Así, con arreglo al artículo 29 de la Carta; a los artículos 9 y 10 de la Declaración Universal de Derechos Humanos, 5-3.6, 7-2.5, 8-1.2(a)(b)(c)(d)(e)(f)(g)(h).3.4.5, 9 de la Convención Americana de Derechos Humanos, 9-2.3, 10-1.2.3, 14-1.2.3,5, y 15 del Pacto Internacional de Derechos Civiles y Políticos, el Gobierno Nacional debe condicionar la entrega de un compatriota, si concede la extradición, a que se le respeten al extraditado –como a cualquier otro nacional en las mismas condiciones- todas las garantías debidas a su condición de justiciable, en particular, a que tenga acceso a un proceso público sin dilaciones injustificadas, a que se presuma su inocencia, a que cuente con un intérprete, a que tenga un defensor designado por él o por el Estado, a que se le conceda el tiempo y los medios adecuados para que prepare la defensa, a presentar pruebas y controvertir las que se aduzcan en contra, a que su situación de privación de la libertad se desarrolle en condiciones dignas, a que la eventual pena que se le imponga no trascienda de su persona, a que la sanción pueda ser apelada ante un tribunal superior, a que la pena privativa de la libertad tenga la finalidad esencial de reforma y readaptación social.
Igualmente, el gobierno debe condicionar la entrega a que el país reclamante, conforme a sus políticas internas sobre la materia, le ofrezca posibilidades racionales y reales para que el extraditado pueda tener contacto regular con sus familiares más cercanos, habida cuenta que la Constitución de 1991, en su artículo 42, reconoce a la familia como núcleo esencial de la sociedad, garantiza su protección y reconoce su honra, dignidad e intimidad, lo cual se refuerza con la protección adicional que a ese núcleo le otorgan la Convención Americana sobre Derechos Humanos (artículo 17) y el Pacto Internacional de Derechos Civiles y Políticos (artículo 23).
En cumplimiento de su deber de protección a las garantías y derechos del nacional colombiano entregado en extradición, es misión del Estado, por medio del ámbito de competencias de los órganos respectivos, vigilar que en el país reclamante se respeten las mencionadas condiciones (artículo 9 y 226 de la Carta).
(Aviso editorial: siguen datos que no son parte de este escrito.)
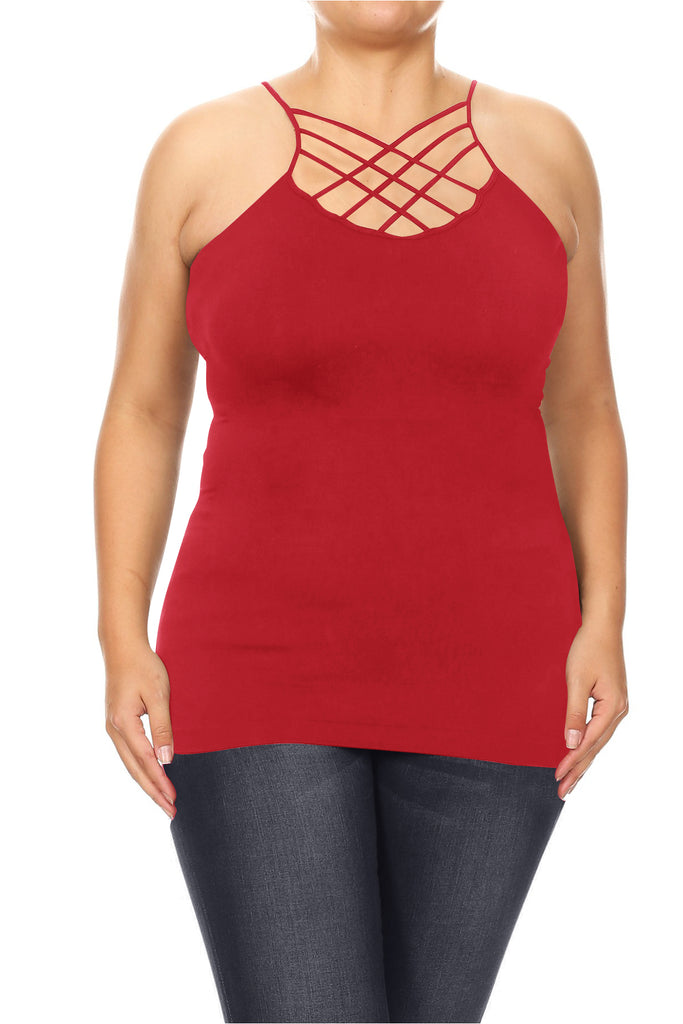 Women's Plus Size Slim Fit Cross Front Spaghetti Strap Active Solid Cami Tank Top - FashionJOA
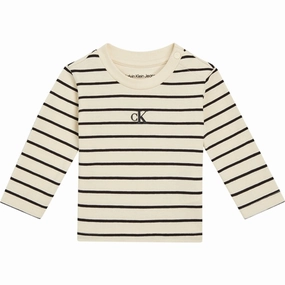 Calvin Klein Striped Ls T-Shirt Black/ Vanilla Stripe Precious Trailblazer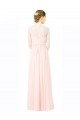 Long Chiffon Sleeveless Bridesmaid Dress with Sheer Illusion Top and V-Back Melbourne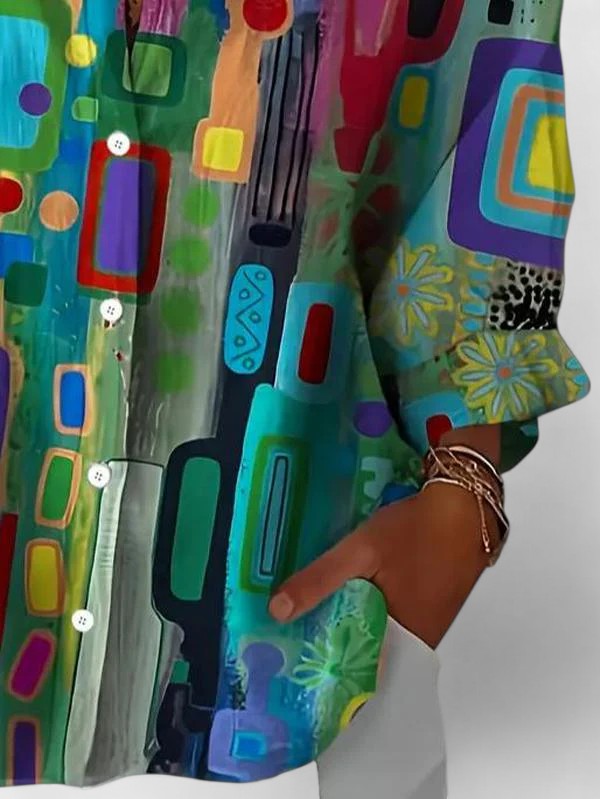 Bloom™ | Elegante Geometrische Patroon Blouse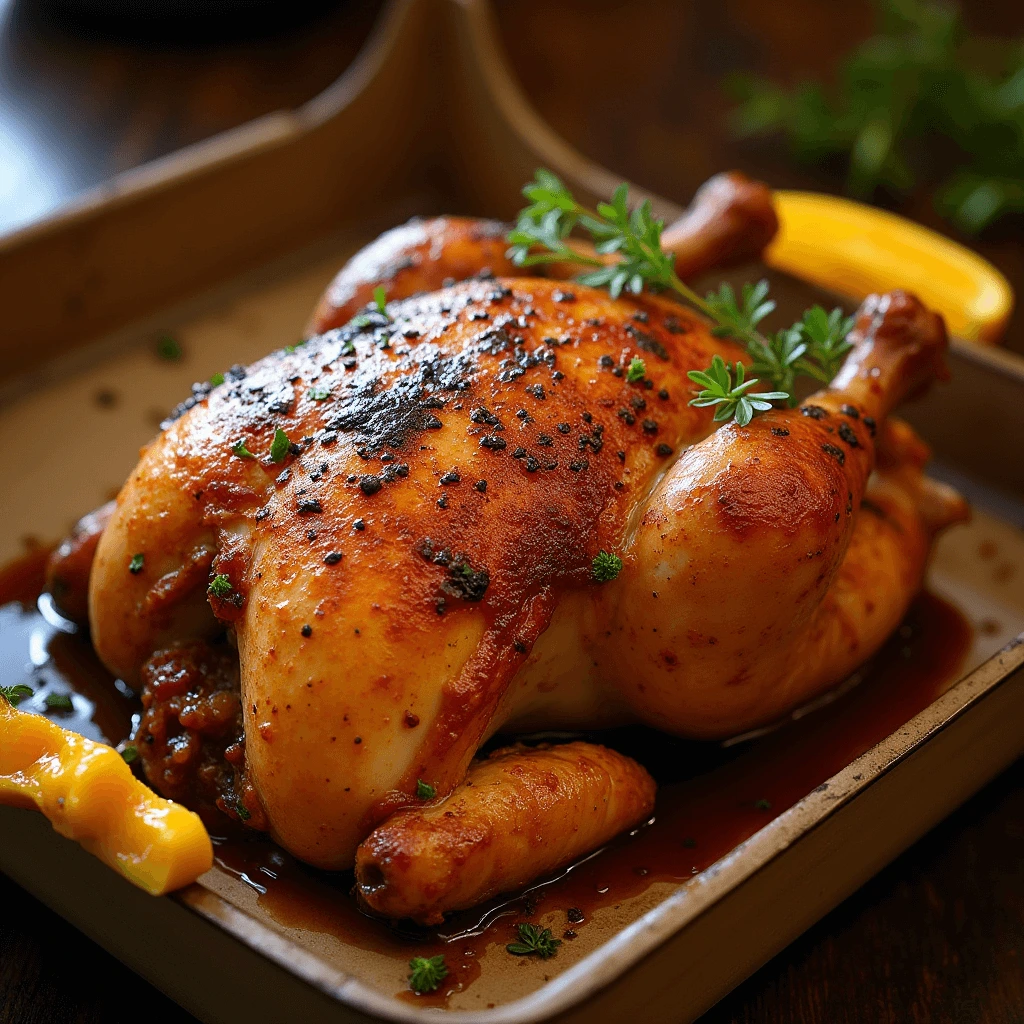 Braised chicken in the oven with crispy skin, golden and juicy.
Así, en primer orden, a través del cuerpo diplomático, en concreto, por las diferentes oficinas consulares, con apoyo de la Procuraduría General de la Nación (artículo 277 de la Constitución) y de la Defensoría del Pueblo (artículo 282 ibídem), de lo cual, además, habrá de darse informes periódicos a la Corte, en virtud del principio de colaboración armónica entre los diferentes Poderes Públicos (artículo 113 de la Carta), con el fin de que todos los estamentos con injerencia en el tema tengan elementos de juicio que les permitan sopesar la conveniencia de privilegiar jurisdicciones foráneas frente a la interna.
De esa manera, dejo sentado mi criterio.
Señores Magistrados,
SIGIFREDO ESPINOSA PÉREZ
Magistrado
Fecha ut supra.
1 Corte Constitucional, sentencia C-740/00.
2 Sentencia C-1106/00.
3 Cfr. Corte Constitucional, Sentencia C-621/01.